# Nursery Before and After



## atsilvers27 (Jul 5, 2011)

So this was our latest project - the tiny 3rd bedroom. The main issue was the floor - it was in bad shape. The previous owner had tried to fix it with a bad sanding and staining job, but it was obvious that is wasn't suitable as a livable bedroom with rough, scratchy wood that was also splintering. Our choices were: having it professionally refinished ($$$), renting a big push sander and doing it ourselves ($$), or buying a hand-sander and doing it ourselves ($). Hubby was very confident he could do it himself, although he never refinished a hardwood floor. So we went with option #3. I was skeptical, as the hand sander wasn't very strong and he had to make several passes, but was pleasantly surprised with the results, which matches nicely with our other bedrooms. BTW, we found out that because of a chemical reaction, the vapors from the staining, when combined with an oven, produces a really strong propane-type smell. 

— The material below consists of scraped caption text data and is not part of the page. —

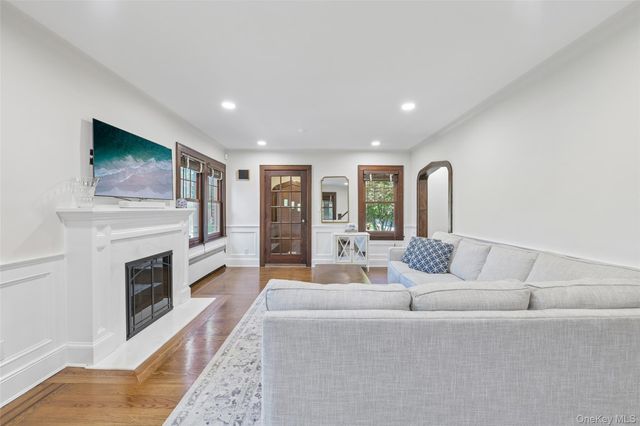206 Glenmore Street, East Williston, NY 11596
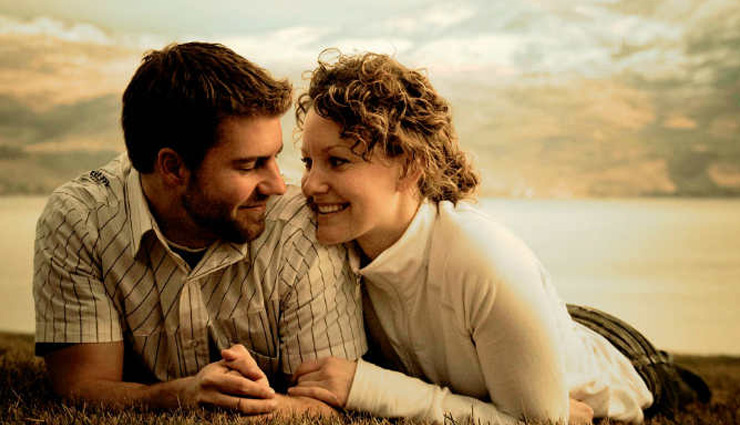 बोरिंग पत्नी को यूं बनाये रोमांटिक, ले इन शानदार टिप्स की मदद how to romanticize boring wives,tips to fill romance in boring wives,romantic couple tips,relationship tips,relations,mates and me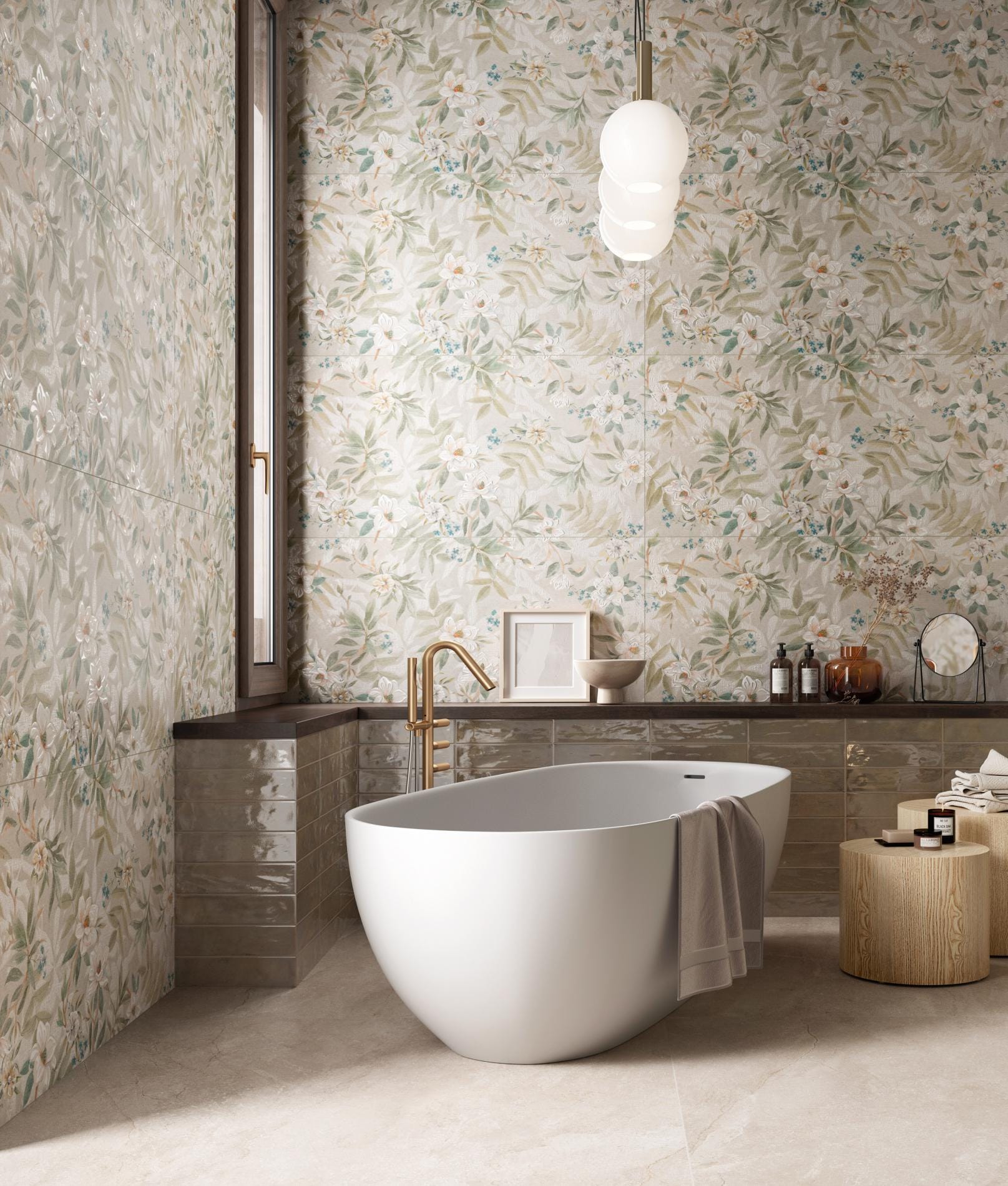Grace - Badkamer met een botanisch dessin over meerdere wanden en een rustige lichte vloer, Pamesa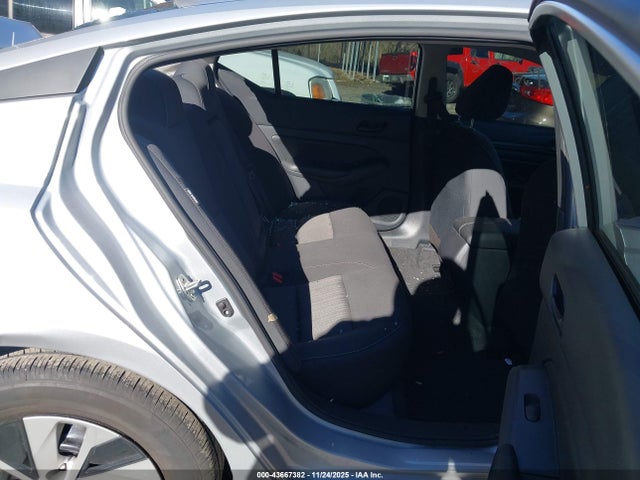 2024 Nissan ALTIMA S FWD 照片 8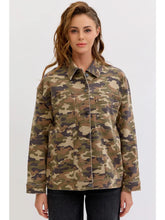 Load image into Gallery viewer, Camo Oversized Jacket
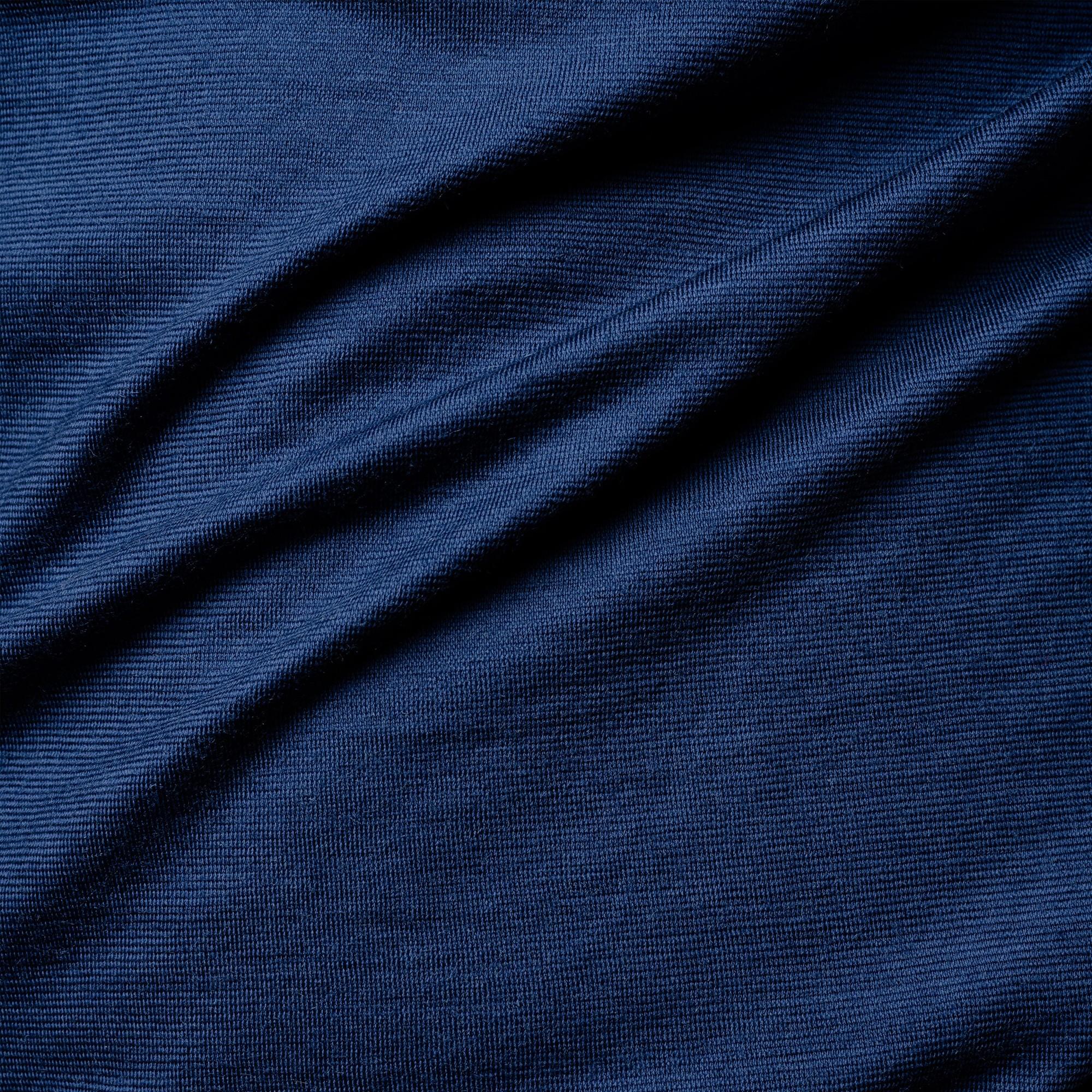 Merino Herren Shirt Nahaufnahme von Tom Fyfe in Marineblau 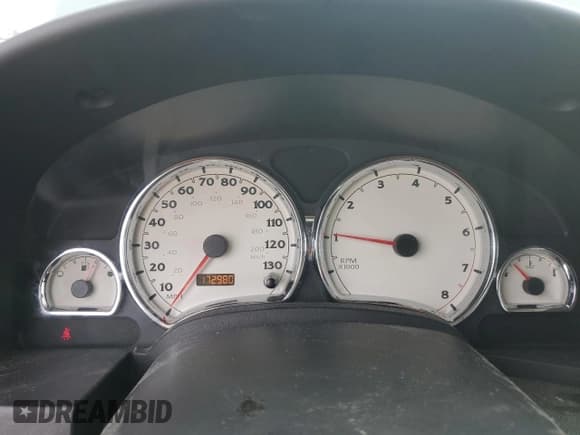 ✅ 2006 Saturn VUE • VIN: 5GZCZ53496S890654 • Lot: 43620275. Wystawiony na Copart z przebiegiem 172 980 mil. Bezpłatny archiwum sprzedaży aukcyjnych z USA i szczegółowy raport historii pojazdu na DreamBid. Zdjęcie 9.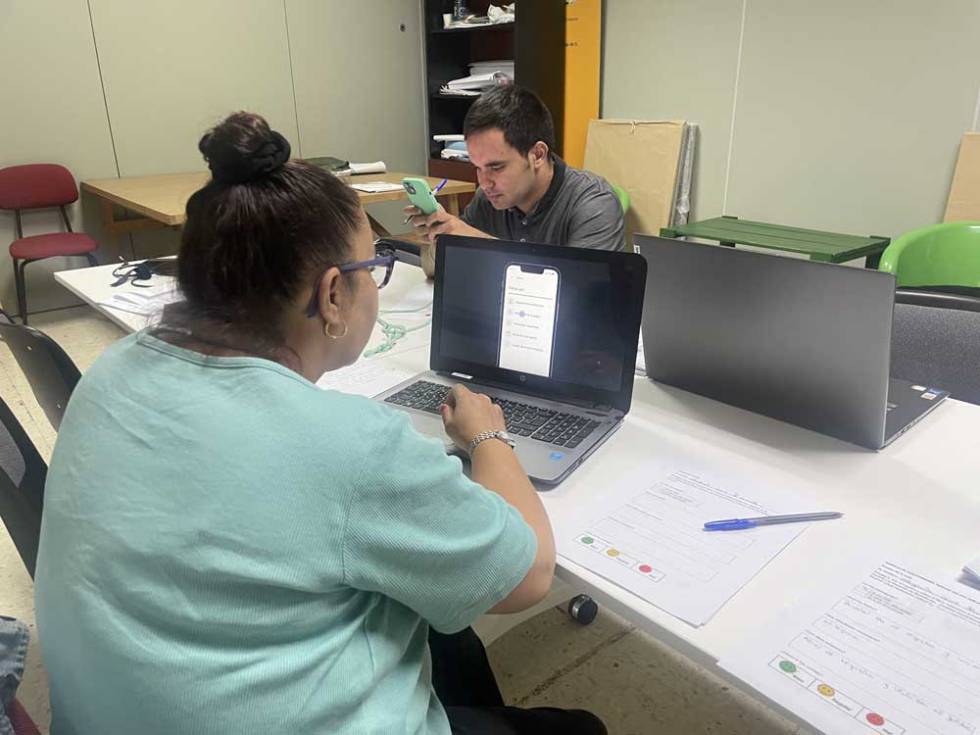 Dos personas validando una app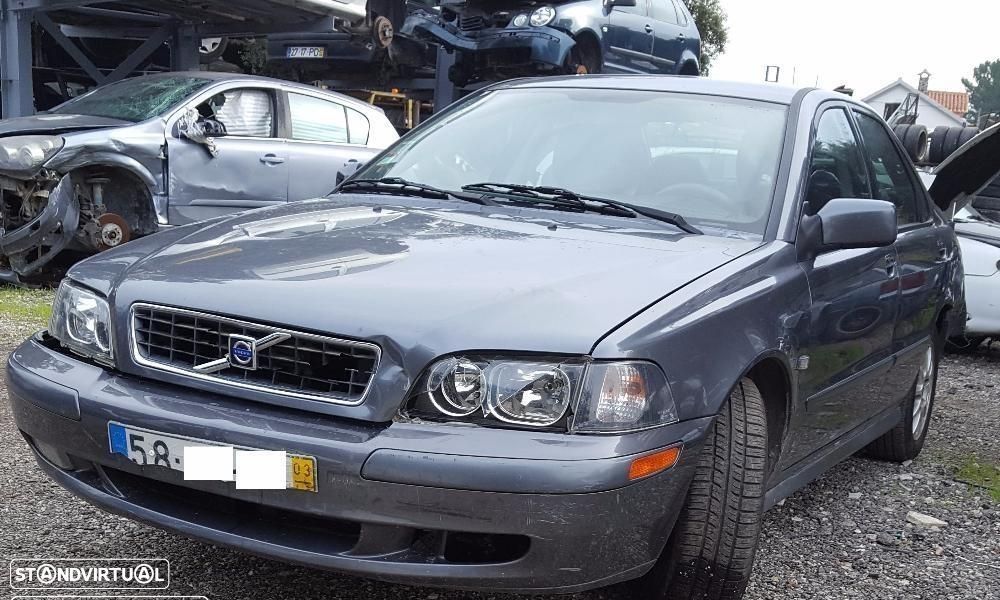 Volvo S40 1.6i de 2003 disponível para peças MOTOR VENDIDO - 1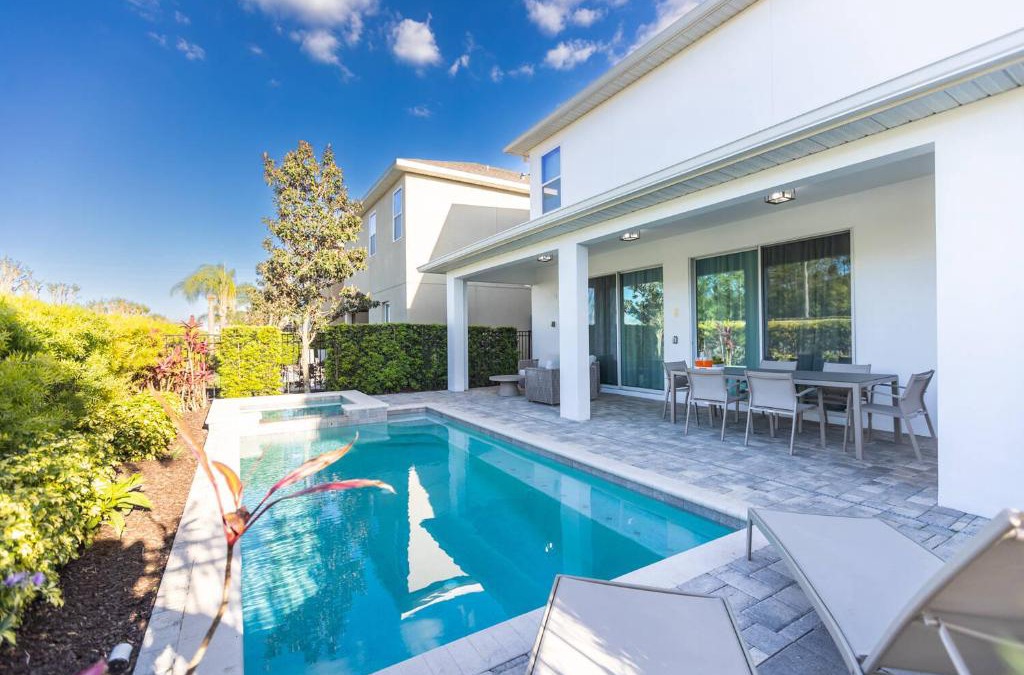 West Kissimmee House | Comfy Modern House w Pool Perfect Location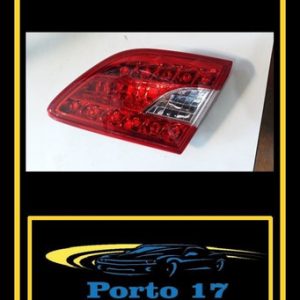 Lanterna Tampa Traseira Direita Nissan Sentra 2014 Direito Vermelho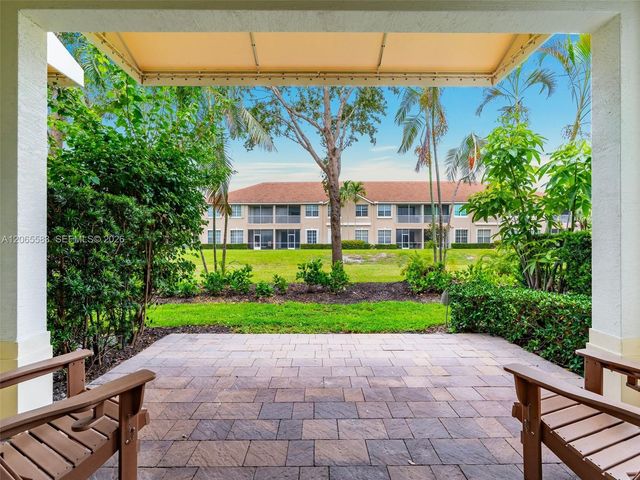 22936 Clear Echo Drive 35, Boca Raton, FL 33433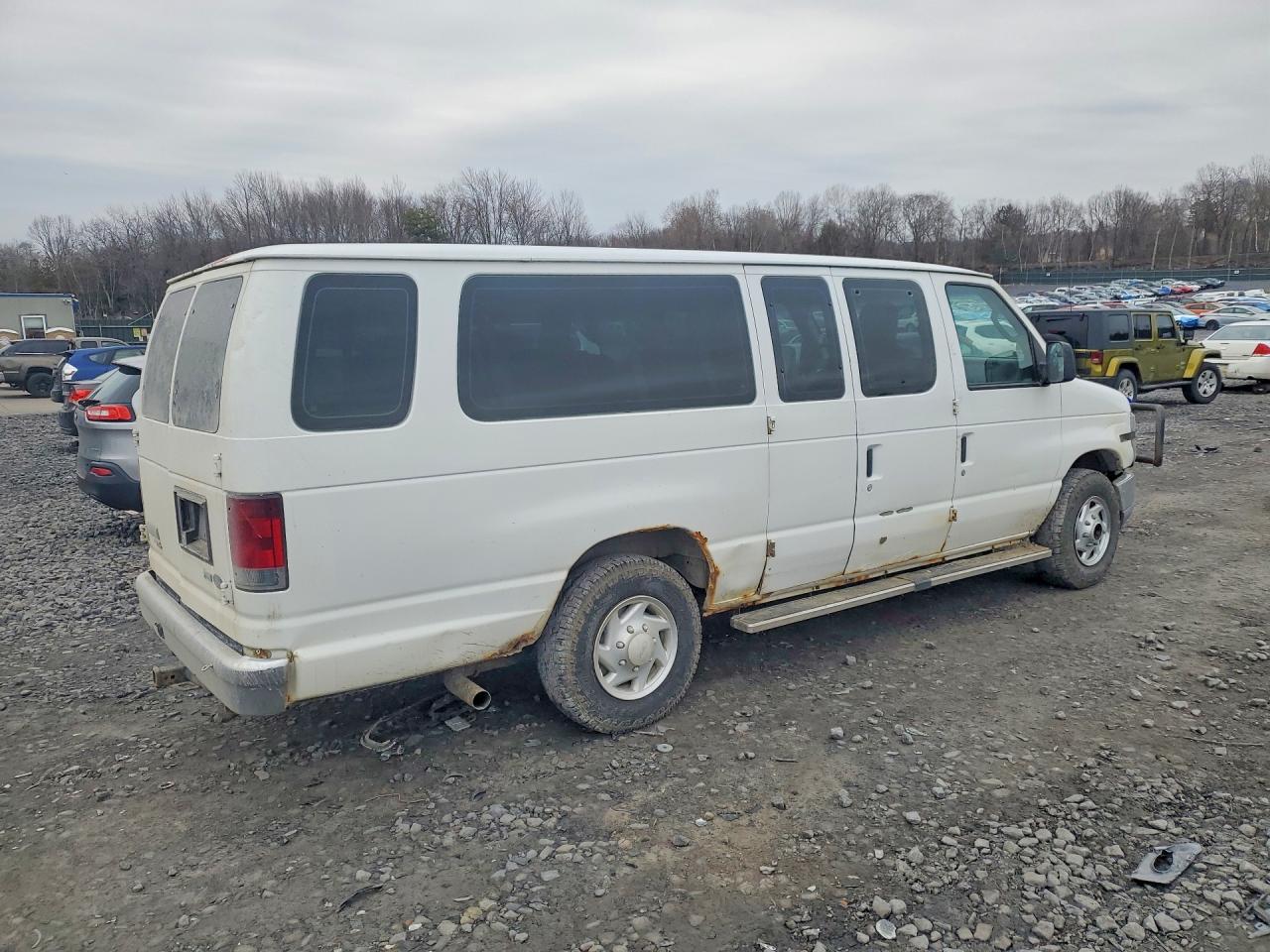 2010 FORD ECONOLINE E350 SUPER DUTY WAGON photo 5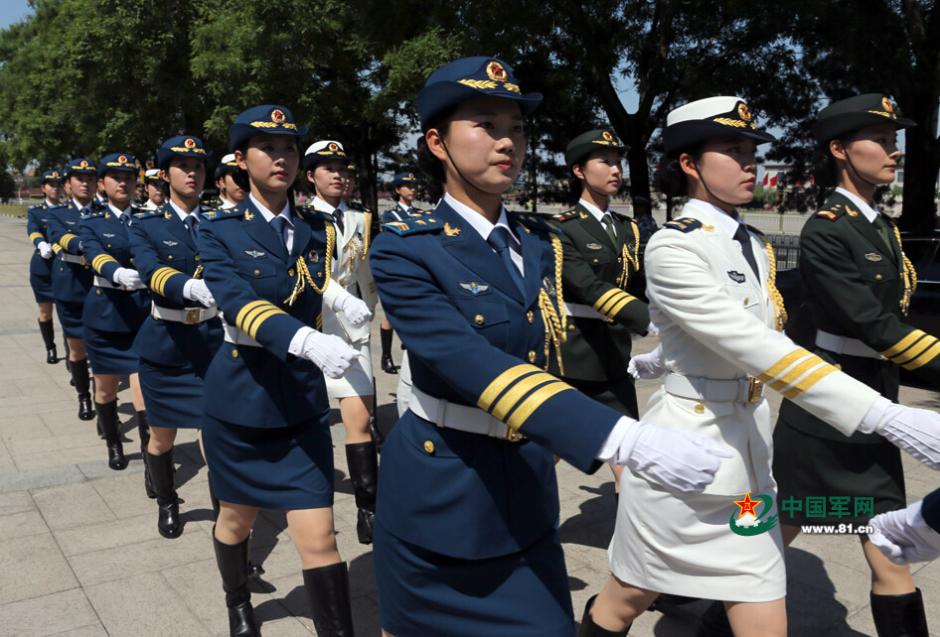 帥氣三軍儀仗隊(duì)圖片，榮耀與力量的展現(xiàn)，帥氣三軍儀仗隊(duì)圖片，榮耀與力量的完美展現(xiàn)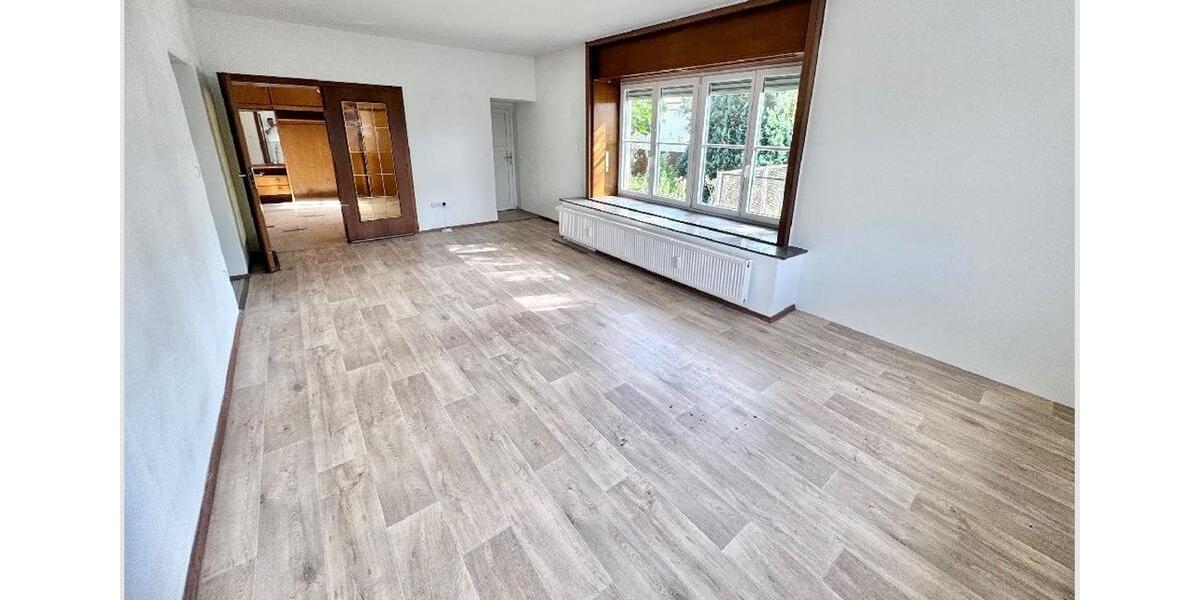 Einfamilienhaus Jülich - 10 Zimmer, 280 m&sup2;, 999&euro; | Angebot:25456904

Sorry, these pics are not the best. The first two are from the day we toured the house with the realtor, the 3rd is after the floor was done but before the painting, then after the paint. I originally wanted a chair rail but decided against it considering how uneven the 100+yr old plaster walls were.


----------



## Pucks104 (Aug 16, 2012)

Beautiful results!


----------



## shimpli (Mar 24, 2010)

Wonderful! Looks great!


----------



## Sparkle (May 17, 2012)

Kudos to DH's muscle strength & stamina! The floor looks fabulous. And the walls are like a little girl's dream room! The whole thing is just beautiful!


----------



## krandall (Jun 11, 2009)

It's lovely, Angela!


----------



## Sheri (Oct 11, 2008)

Impressive husband and beautiful results!


----------



## Ruth4Havs (May 13, 2013)

Wow, what a good result of hard work!


----------



## Atticus (May 17, 2011)

Looks great, always so satisfying to do it yourself though it's tough going sometimes!


----------



## whimsy (Apr 3, 2010)

wow...great before and after pics!! wonderful accomplishment for sure!!


----------



## atsilvers27 (Jul 5, 2011)

Thanks. Hope these inspire other do-it-yourselfers.


----------



## Pixiesmom (Jul 31, 2008)

Looove it!


----------



## Suzi (Oct 27, 2010)

Very nice and I love your colors on the wall.


----------



## TilliesMom (Sep 30, 2010)

looks great!! love the floor!
when are you due again??


----------



## atsilvers27 (Jul 5, 2011)

My due date is Sept 25 but I have a scheduled c section for the 19th, due to the twins having to be a c section. Many drs don't do natural after a section to prevent lawsuits. It's been fun putting everything together, I'll have to post more pics after the room is put together.


----------



## TilliesMom (Sep 30, 2010)

awesome!!! ya, I had 2 scheduled c-sections myself... the 2nd one was a walk in the park!!
not much longer!!!


----------